Damit folgten die beiden Führungsspieler der offenen Kommunikationskultur, die seit Jahren in Mönchengladbach gepflegt wird. Virkus hingegen wollte den Eindruck erwecken, als sei – abgesehen von Verletzungspech und Tabellensituation – eigentlich alles in bester Ordnung: „Natürlich gibt es Gruppen, aber keine Gruppen, die gegeneinander arbeiten“, sagte er. In jeder Mannschaft gebe es Fraktionen, oftmals kulturell oder sprachlich bedingt, ein Problem sei das noch lange nicht.
Das mag stimmen, aber der Widerspruch zu Kramer, der nicht erst seit seinen TV-Analysen während der EM eine enorme Glaubwürdigkeit besitzt, war kaum zu überhören. Und die Eindrücke vom Platz stützen eher Kramers Erzählung, denn als homogene Mannschaft, in der sich jeder für den anderen einsetzt, treten die Gladbacher allenfalls in Phasen auf.

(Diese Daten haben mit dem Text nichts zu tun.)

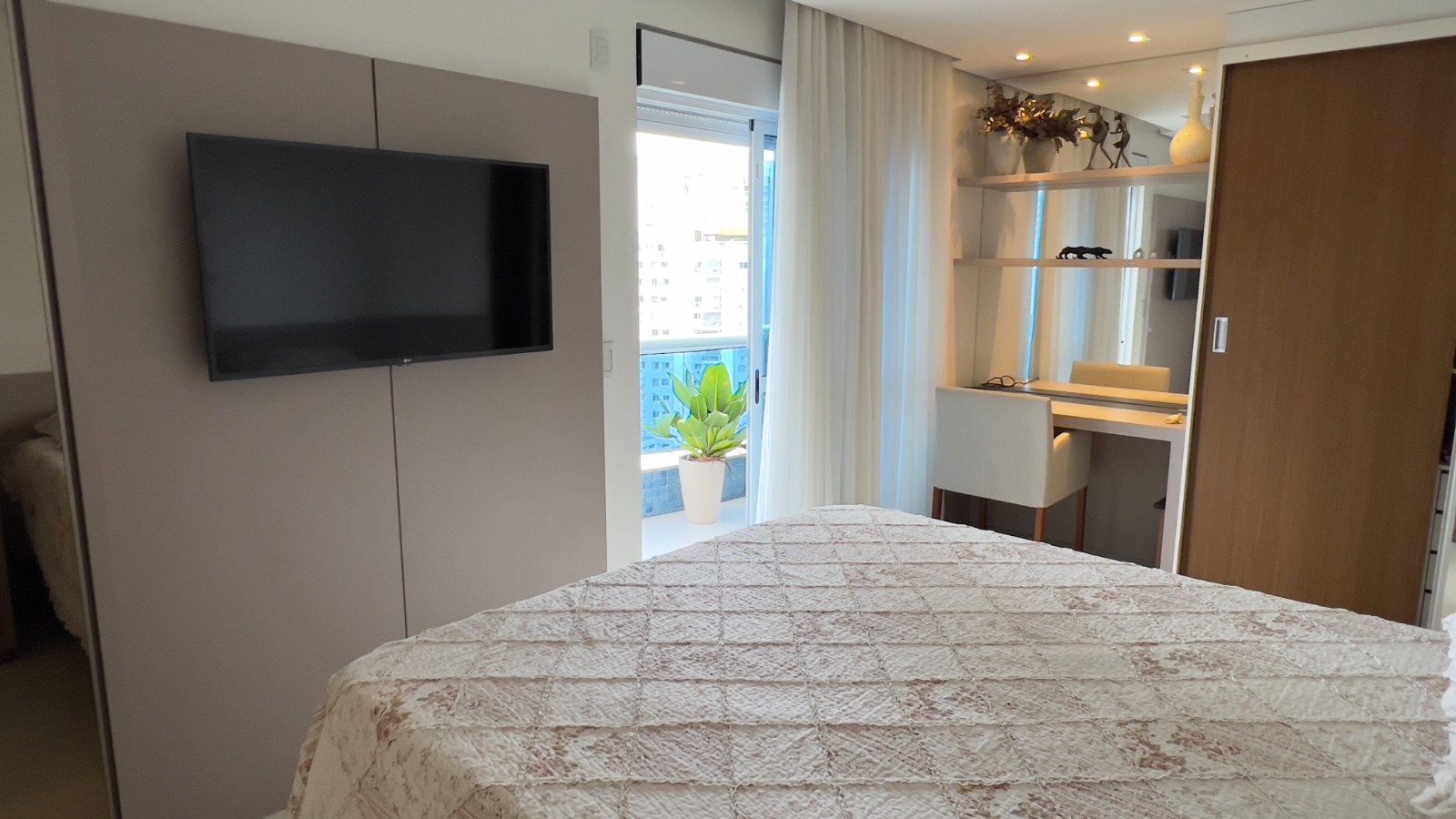 Apartamento Duplex no Edifício Vermont à venda no centro de Balneário Camboriú — foto 18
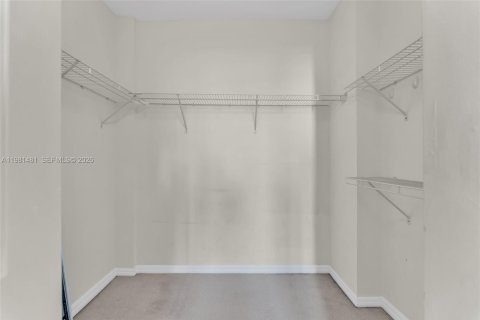 Купить кондоминиум в Форт-Лодердейл, Флорида 2 спальни, 116.59м2, № 2043369 - фото 20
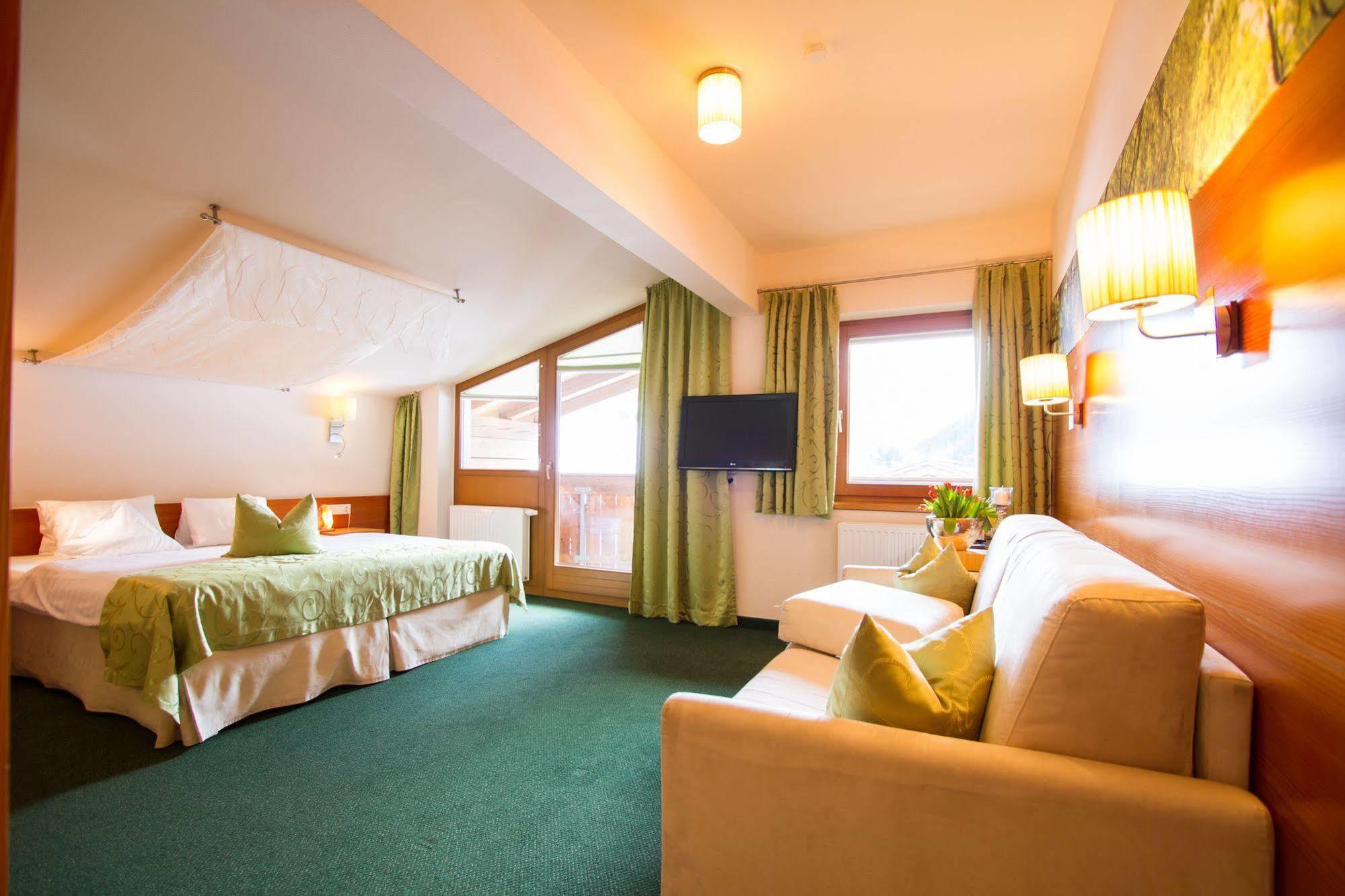 Hotel Garni Romantika Sankt Leonhard im Pitztal Extérieur photo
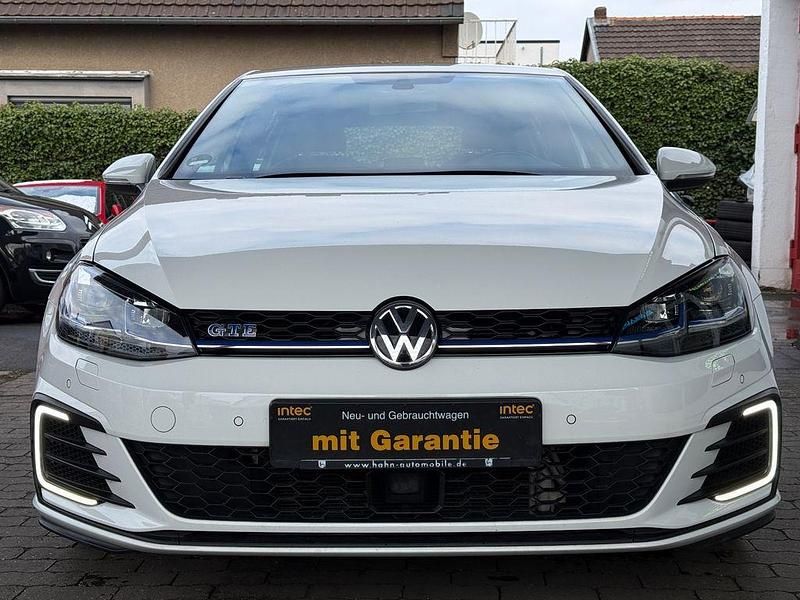 Gebraucht VW Golf VII GTE 204 PS (150 kW) 2018 Weiß Limousine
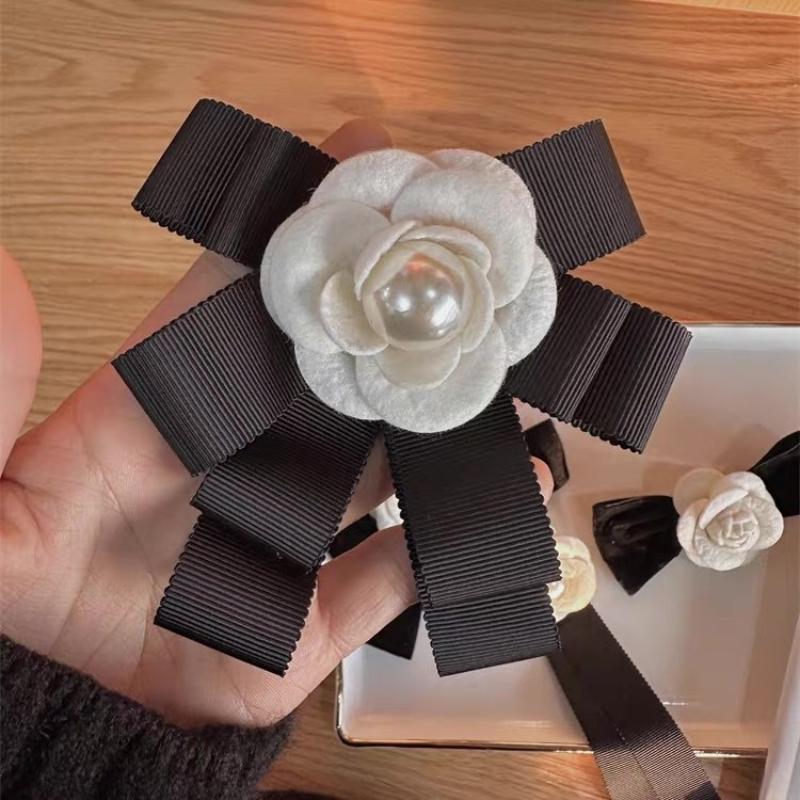 Prancūziškas vintažinis audinio meno peteliškės segės kamelijos gėlės korsazo smeigtukai marškinių apykaklės aksesuarai mados papuošalai dovanos moterims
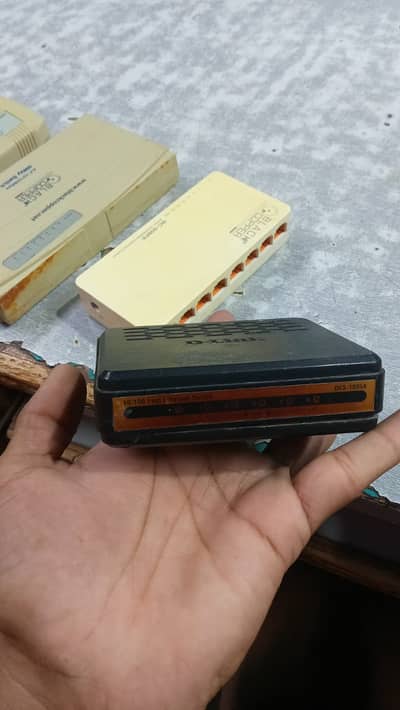 DLINK 5 PORT MEGABIT SWITCH (100)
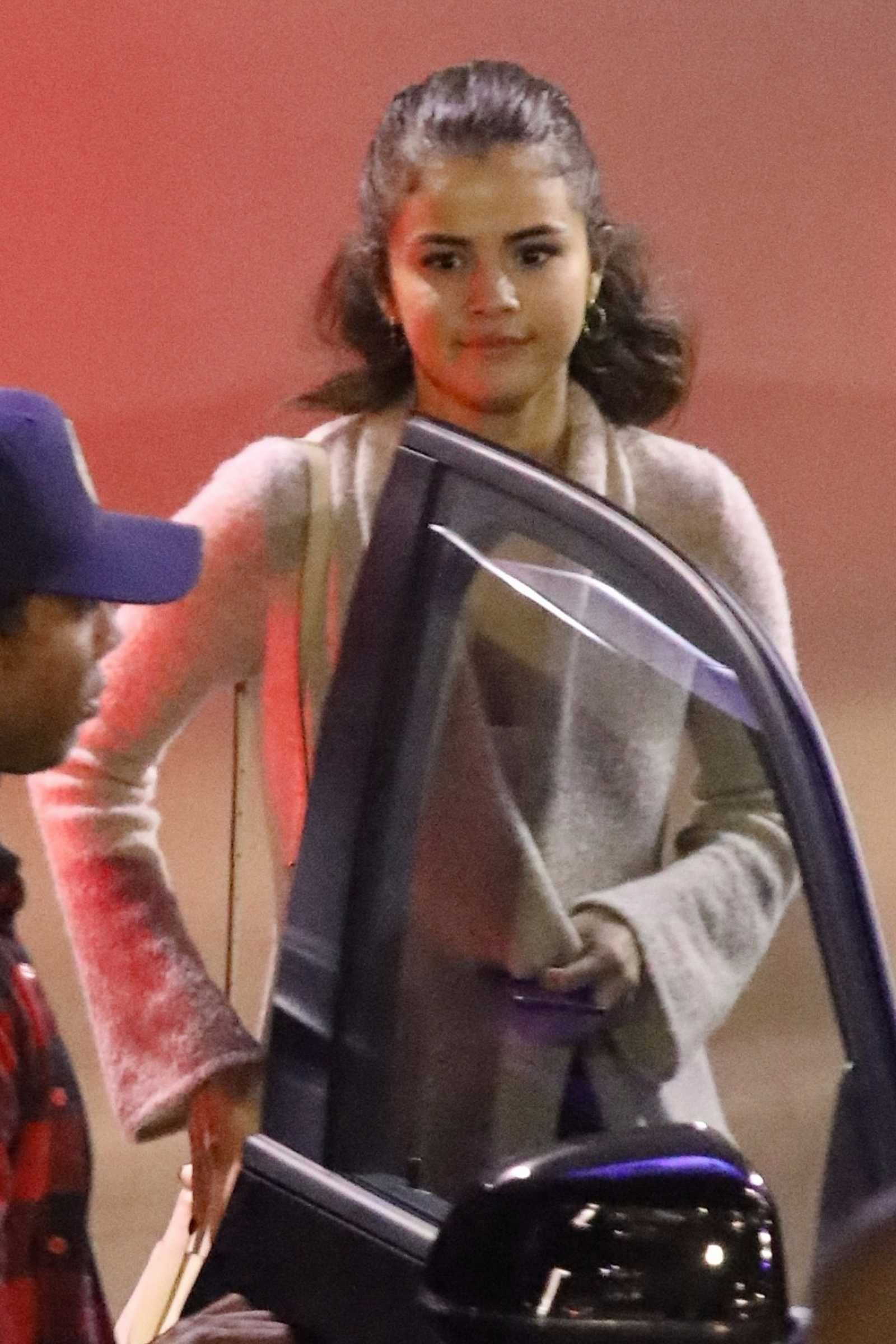 Leaving_Hillsong_church_with_Justin_Bieber_in_Downtown_Los_Angeles_on_November_4-03.jpg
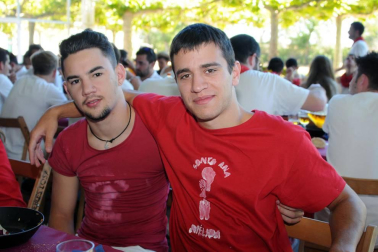 La juventud de Mélida disfrutó de una animada comida el Día de las Peñas, que se celebró en el frontón de la localidad y sus alrededores el lunes 22 de agosto. Muchas de las cuadrillas se animaron a acudir disfrazadas, dando color y ambiente a la jornada festiva.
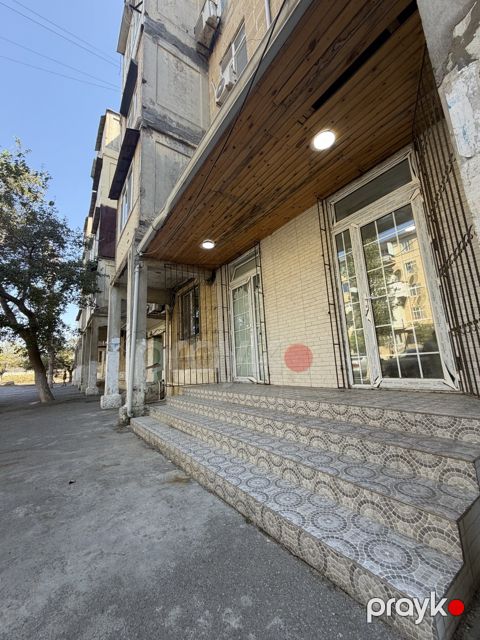 Satılır obyekt 13 m² — Bakı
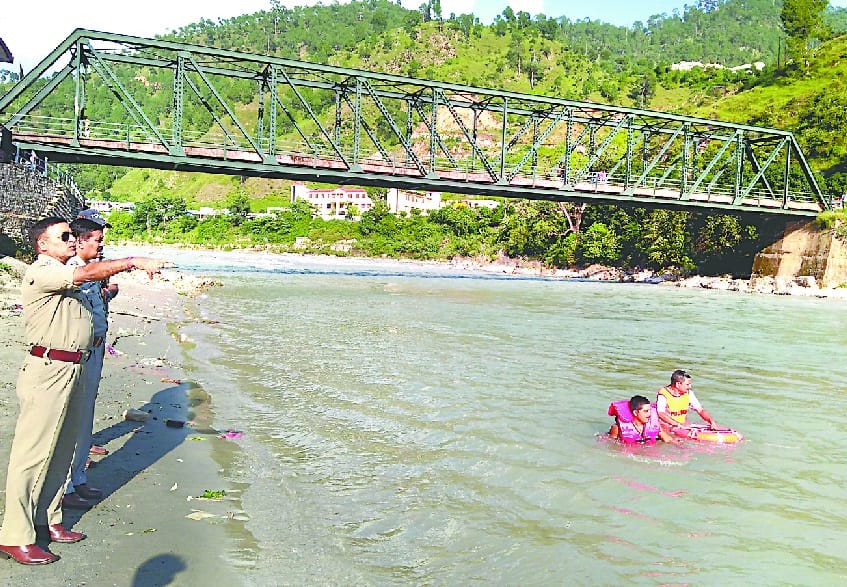 Suryu is taking bath, youth goes out, investigations continue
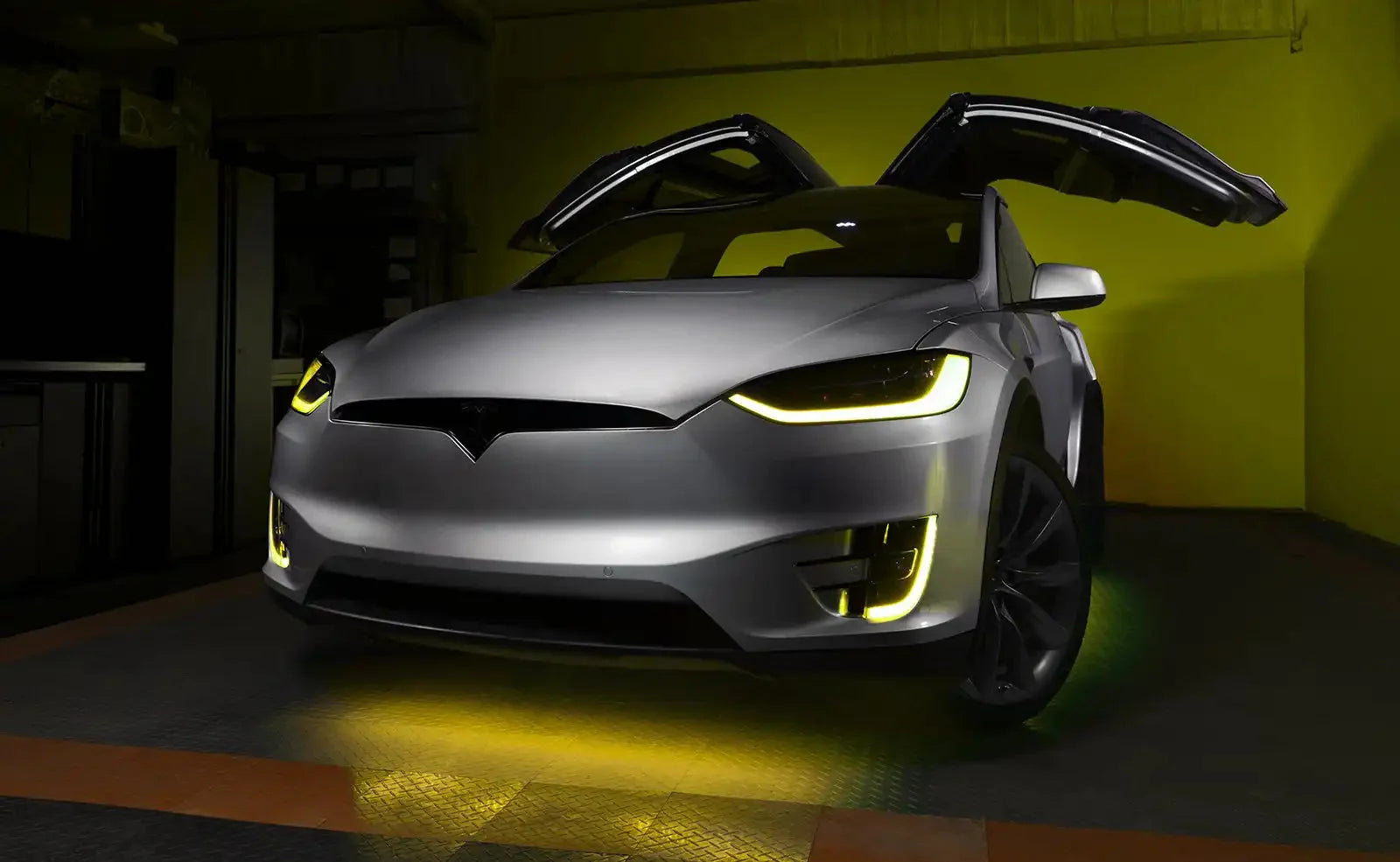 TeslaModelX_Yellow_1copy_5f128d56-3204-463d-8b9a-f6e2279cef66 - NVMOS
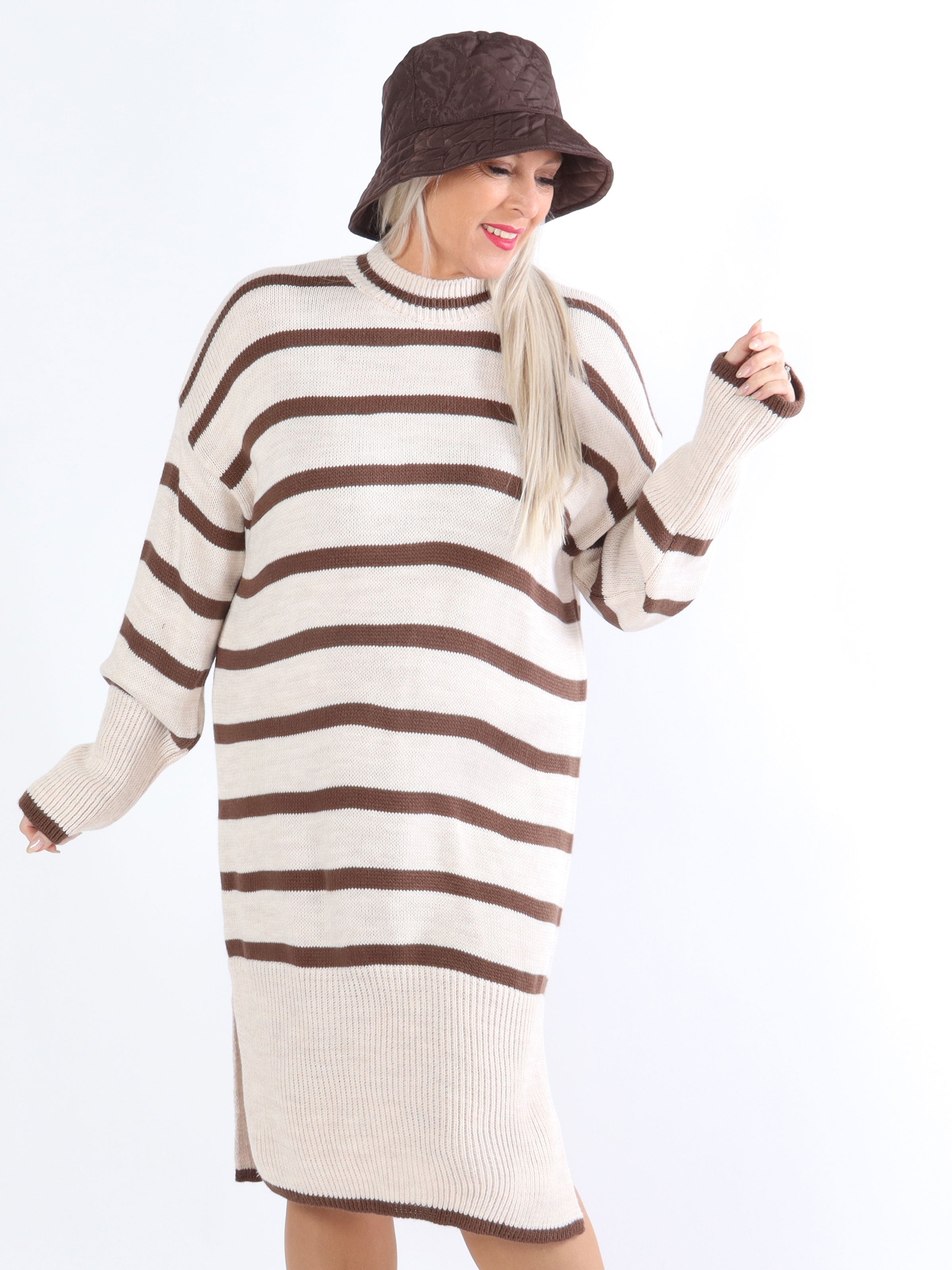 Safiya - Plus size strikkjole med striber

Längst ist auch Trainer Hütter angeschlagen, weil er keinem Erfolg hat und in eine Situation hineingeraten ist, die er sich vor seinem Wechsel von Frankfurt an den Niederrhein völlig anders vorgestellt hat. Statt bei einem leuchtenden Champions-League-Anwärter, der regelmäßig sehr gute Spieler kauft, ist er bei einem Klub gelandet, der in rasendem Tempo auseinandergefallen ist und dessen Kader dringend einen grundlegenden Umbruch benötigt. Manche Beobachter spekulieren längst über eine möglicherweise bevorstehende Entlassung Hütters, wobei Virkus auf die Frage nach derartigen Konsequenzen erwiderte: „Es gibt den Plan A, und den verfolge ich.“ Dieser Plan sieht vor, mit Hütter den Klassenverbleib zu schaffen und anschließend eine neue Erfolgsphase zu beginnen.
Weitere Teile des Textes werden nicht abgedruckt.